● WHAT YOU SHOULD DO: Beginning with the line that contains "HISTORIA DE LAS" and ending with the line that contains "Breaking the Taboo: Understanding", reproduce the lines of the entries below exactly, omitting pictures.

● SUPPLIED RECORDS:

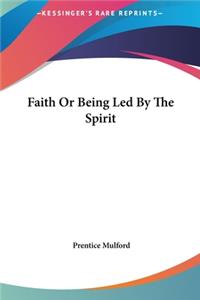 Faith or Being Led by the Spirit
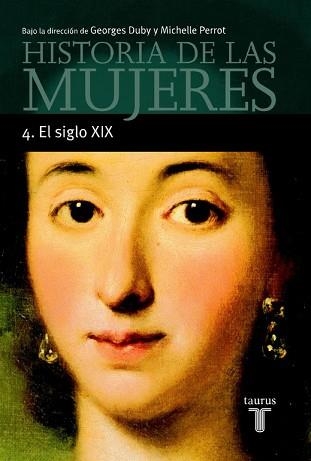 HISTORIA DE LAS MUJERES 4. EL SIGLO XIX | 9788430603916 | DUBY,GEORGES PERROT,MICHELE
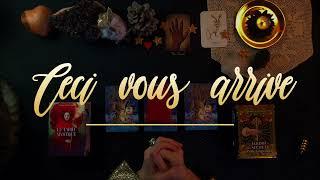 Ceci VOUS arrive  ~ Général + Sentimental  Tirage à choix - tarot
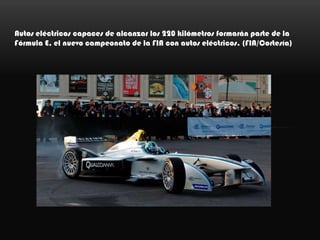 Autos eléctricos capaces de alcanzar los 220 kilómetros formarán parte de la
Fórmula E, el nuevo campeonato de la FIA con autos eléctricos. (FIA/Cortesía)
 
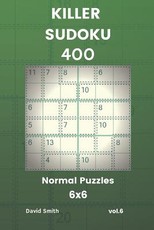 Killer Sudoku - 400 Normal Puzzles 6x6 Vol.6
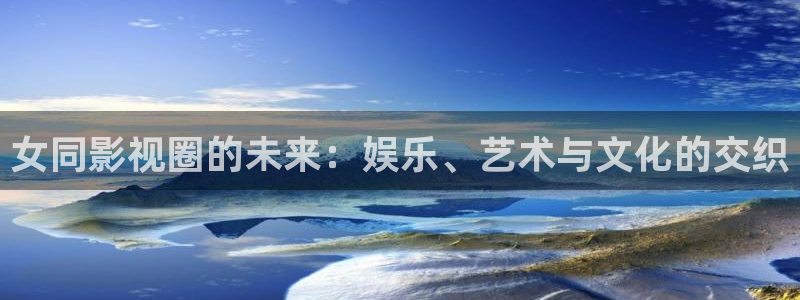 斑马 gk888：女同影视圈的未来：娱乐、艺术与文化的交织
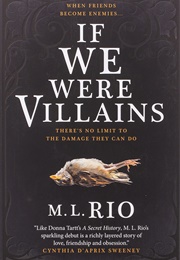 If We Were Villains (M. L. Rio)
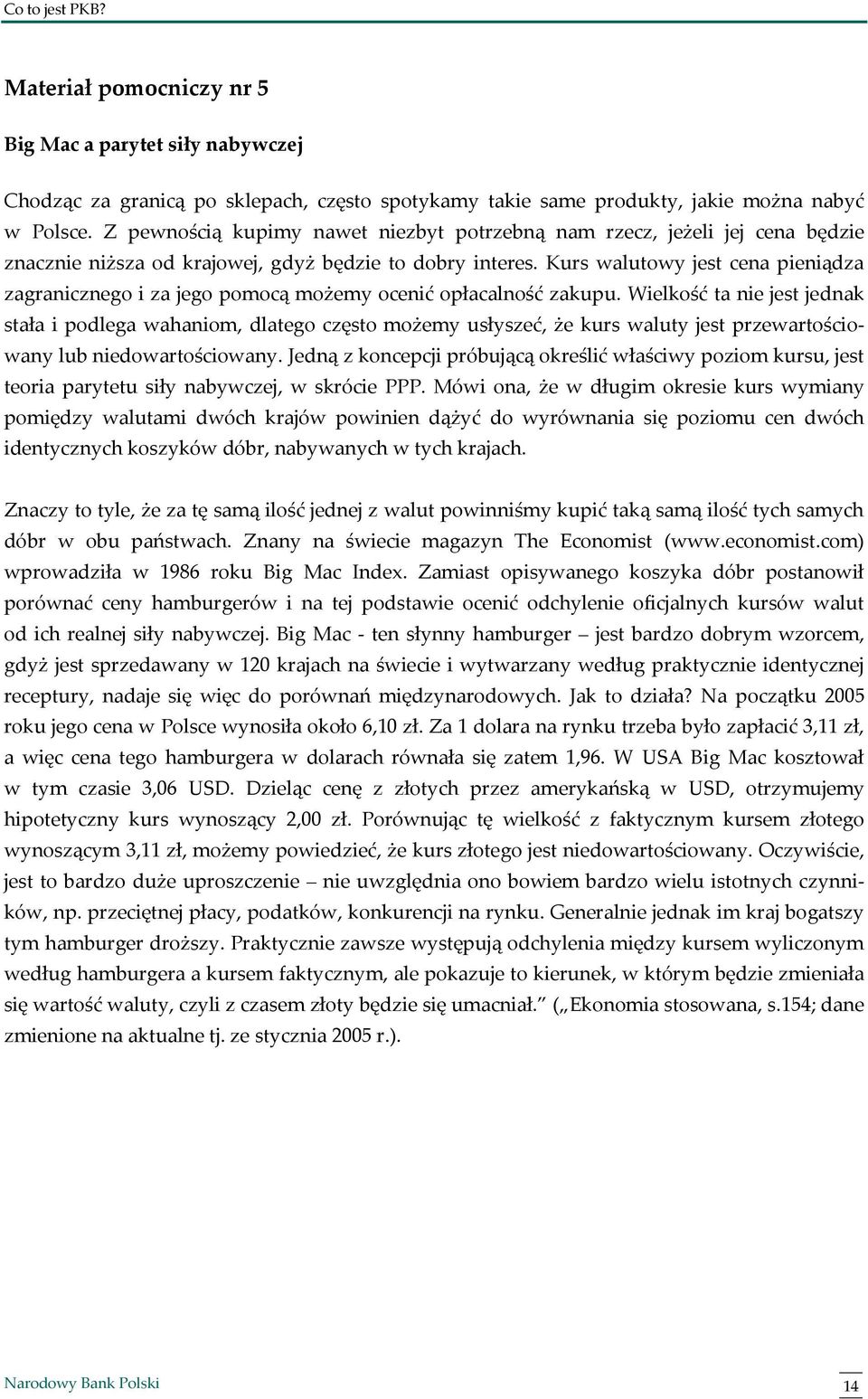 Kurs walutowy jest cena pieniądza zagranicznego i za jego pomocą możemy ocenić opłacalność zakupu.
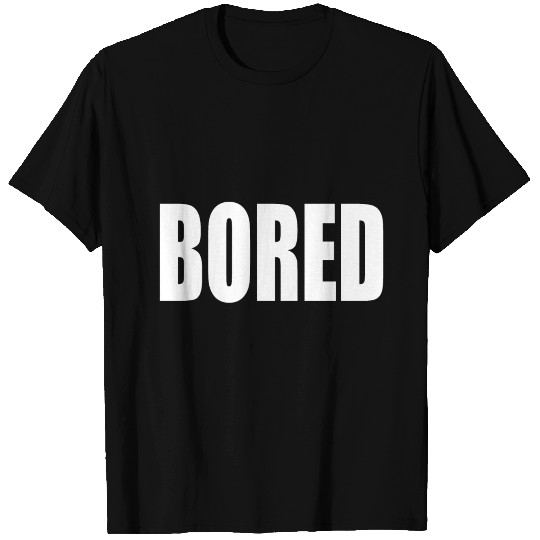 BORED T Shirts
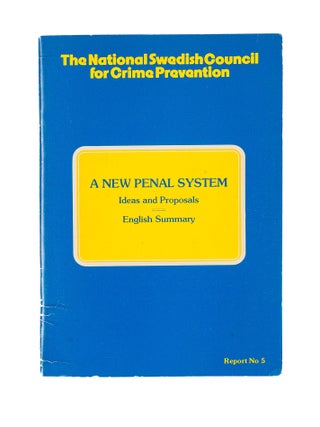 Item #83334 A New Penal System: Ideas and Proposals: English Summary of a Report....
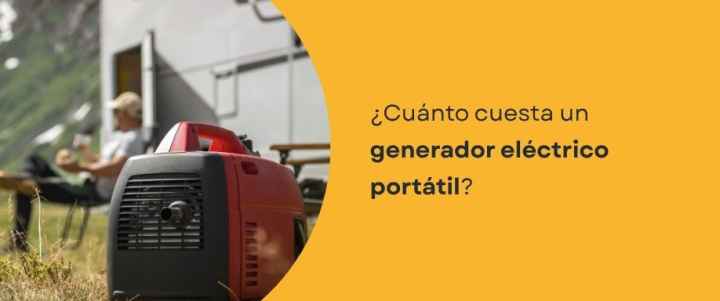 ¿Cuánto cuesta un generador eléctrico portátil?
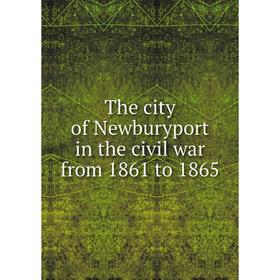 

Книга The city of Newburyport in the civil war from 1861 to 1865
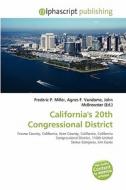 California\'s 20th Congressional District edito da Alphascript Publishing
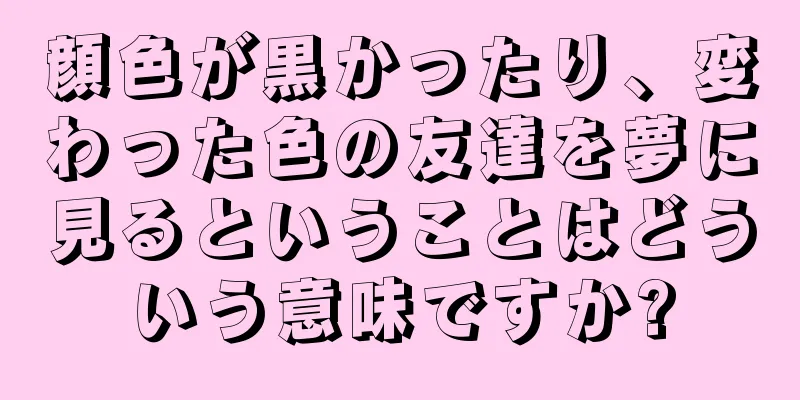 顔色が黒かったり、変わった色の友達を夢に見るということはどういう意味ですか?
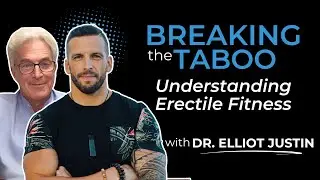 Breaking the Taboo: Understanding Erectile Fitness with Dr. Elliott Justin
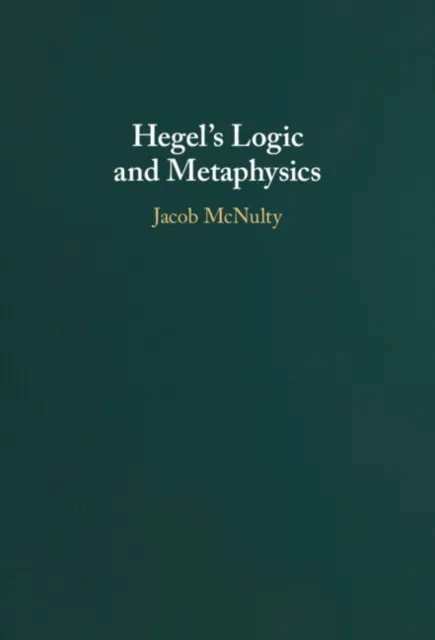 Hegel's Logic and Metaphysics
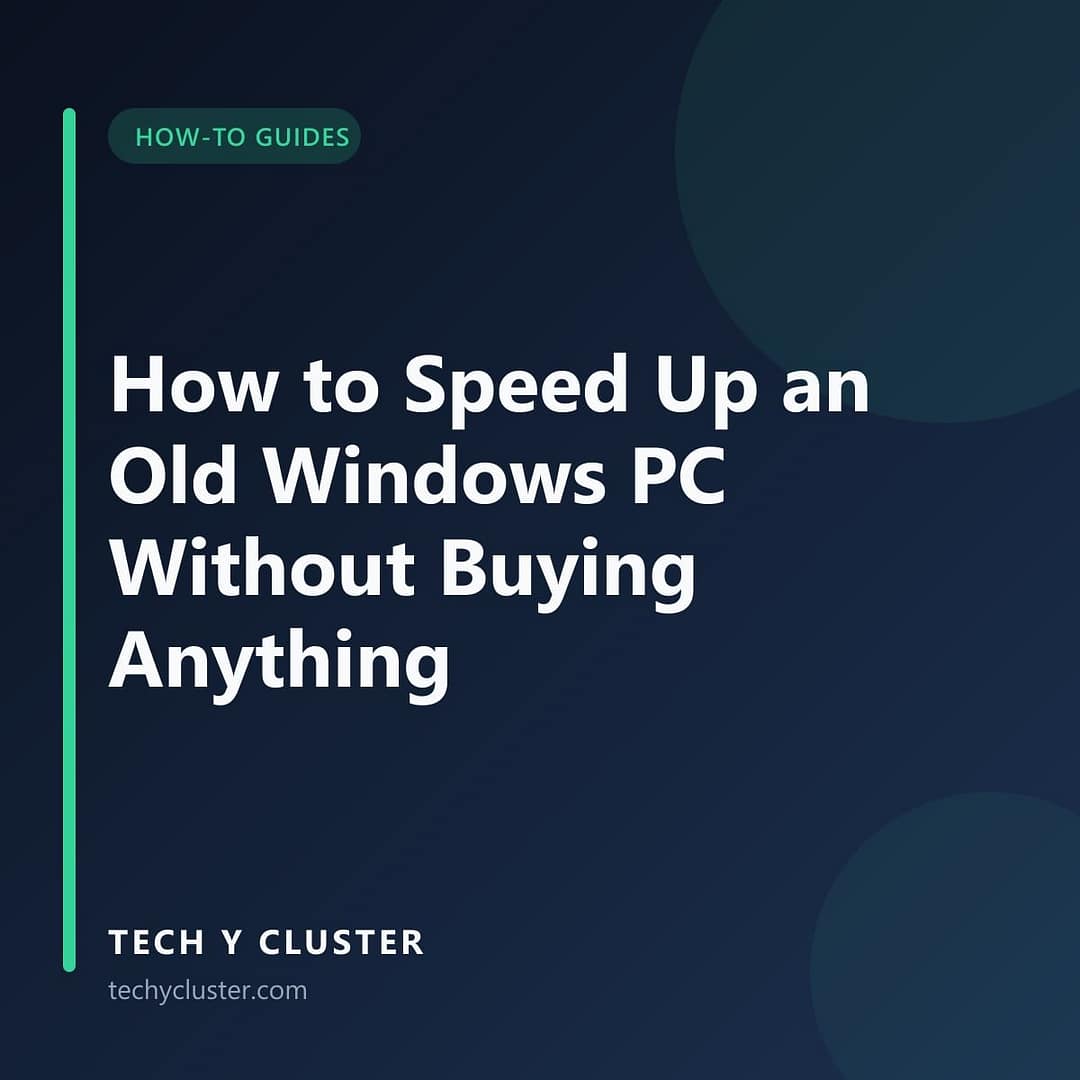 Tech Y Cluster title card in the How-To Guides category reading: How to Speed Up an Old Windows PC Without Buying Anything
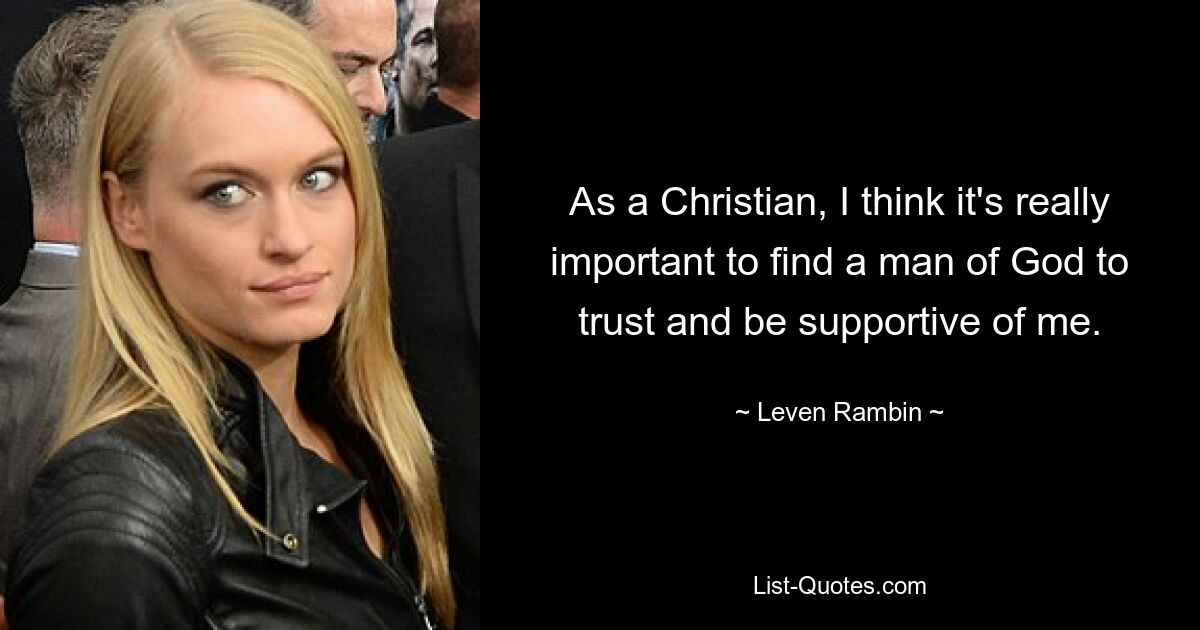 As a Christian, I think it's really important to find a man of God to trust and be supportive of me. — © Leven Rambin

● WRITTEN RESPONSE:
 HISTORIA DE LAS MUJERES 4. EL SIGLO XIX | 9788430603916 | DUBY,GEORGES PERROT,MICHELE
 Ceci VOUS arrive  ~ Général + Sentimental  Tirage à choix - tarot
 Autos eléctricos capaces de alcanzar los 220 kilómetros formarán parte de la
Fórmula E, el nuevo campeonato de la FIA con autos eléctricos. (FIA/Cortesía)
 
 Killer Sudoku - 400 Normal Puzzles 6x6 Vol.6
 斑马 gk888：女同影视圈的未来：娱乐、艺术与文化的交织
 If We Were Villains (M. L. Rio)
 Kurs walutowy jest cena pieniądza zagranicznego i za jego pomocą możemy ocenić opłacalność zakupu.
 BORED T Shirts
 Item #83334 A New Penal System: Ideas and Proposals: English Summary of a Report....
 ¿Cuánto cuesta un generador eléctrico portátil?

Книга The city of Newburyport in the civil war from 1861 to 1865
 California\'s 20th Congressional District edito da Alphascript Publishing
 顔色が黒かったり、変わった色の友達を夢に見るということはどういう意味ですか?
 Breaking the Taboo: Understanding Erectile Fitness with Dr. Elliott Justin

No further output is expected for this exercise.